# [Task brief]
Although the entries contain pictures, copy only their text, exactly as written.
•••
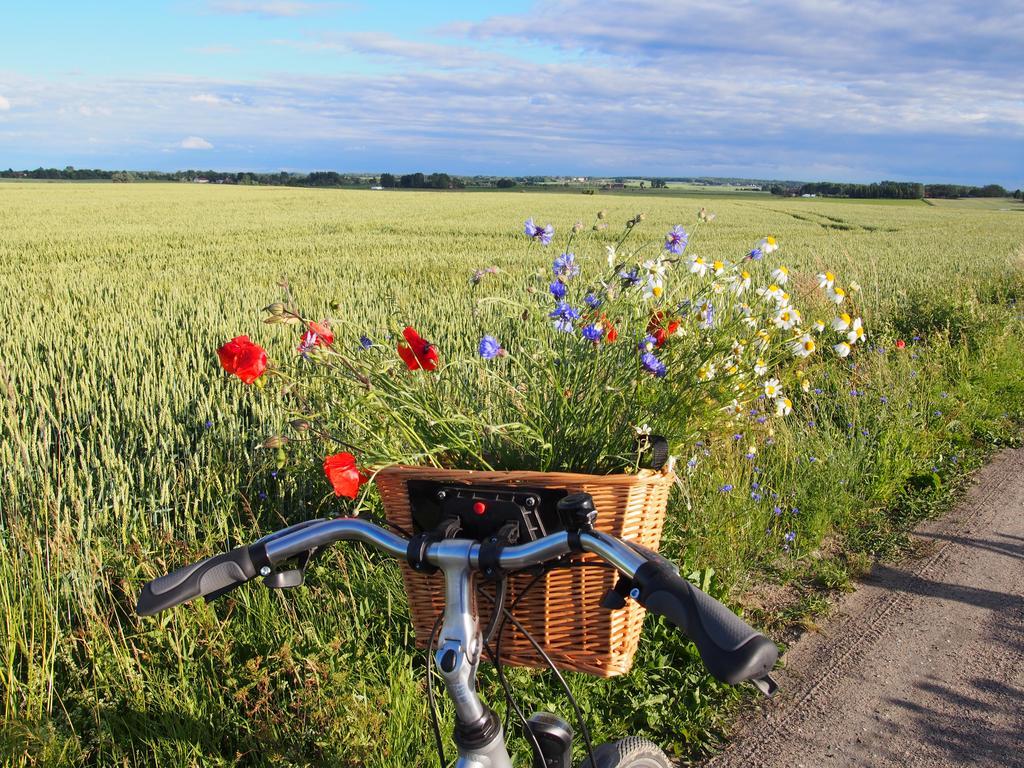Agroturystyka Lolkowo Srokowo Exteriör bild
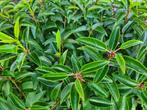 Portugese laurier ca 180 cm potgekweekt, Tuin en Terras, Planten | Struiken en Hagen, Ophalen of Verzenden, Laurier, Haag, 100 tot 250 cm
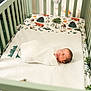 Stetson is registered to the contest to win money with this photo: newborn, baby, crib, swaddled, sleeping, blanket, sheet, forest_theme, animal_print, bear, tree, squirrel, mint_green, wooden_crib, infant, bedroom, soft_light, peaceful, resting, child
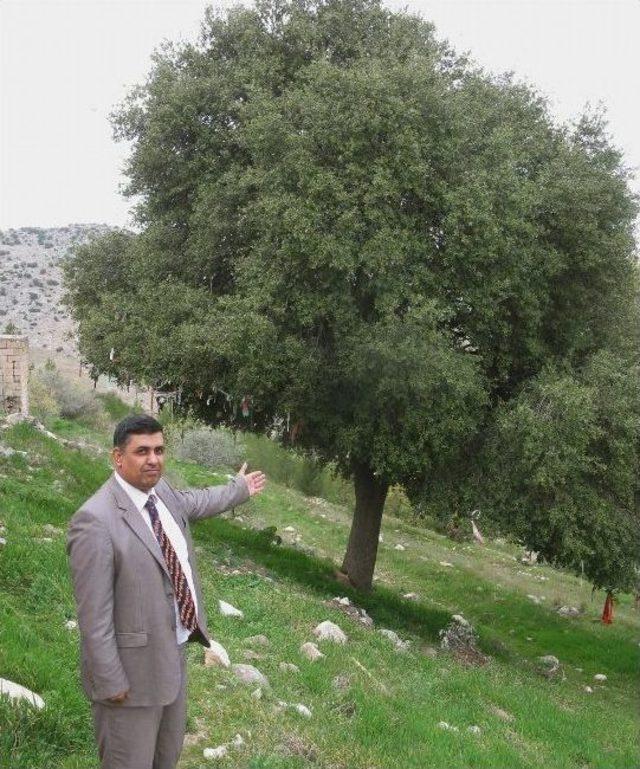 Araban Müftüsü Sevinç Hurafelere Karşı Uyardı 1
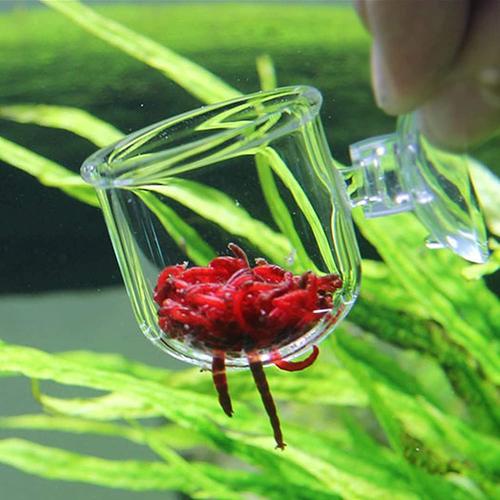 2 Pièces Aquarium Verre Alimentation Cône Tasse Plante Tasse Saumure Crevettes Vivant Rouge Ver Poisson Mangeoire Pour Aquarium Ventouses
•••
# [Written solution]
Agroturystyka Lolkowo Srokowo Exteriör bild
 Portugese laurier ca 180 cm potgekweekt, Tuin en Terras, Planten | Struiken en Hagen, Ophalen of Verzenden, Laurier, Haag, 100 tot 250 cm
 Stetson is registered to the contest to win money with this photo: newborn, baby, crib, swaddled, sleeping, blanket, sheet, forest_theme, animal_print, bear, tree, squirrel, mint_green, wooden_crib, infant, bedroom, soft_light, peaceful, resting, child
 Araban Müftüsü Sevinç Hurafelere Karşı Uyardı 1
 2 Pièces Aquarium Verre Alimentation Cône Tasse Plante Tasse Saumure Crevettes Vivant Rouge Ver Poisson Mangeoire Pour Aquarium Ventouses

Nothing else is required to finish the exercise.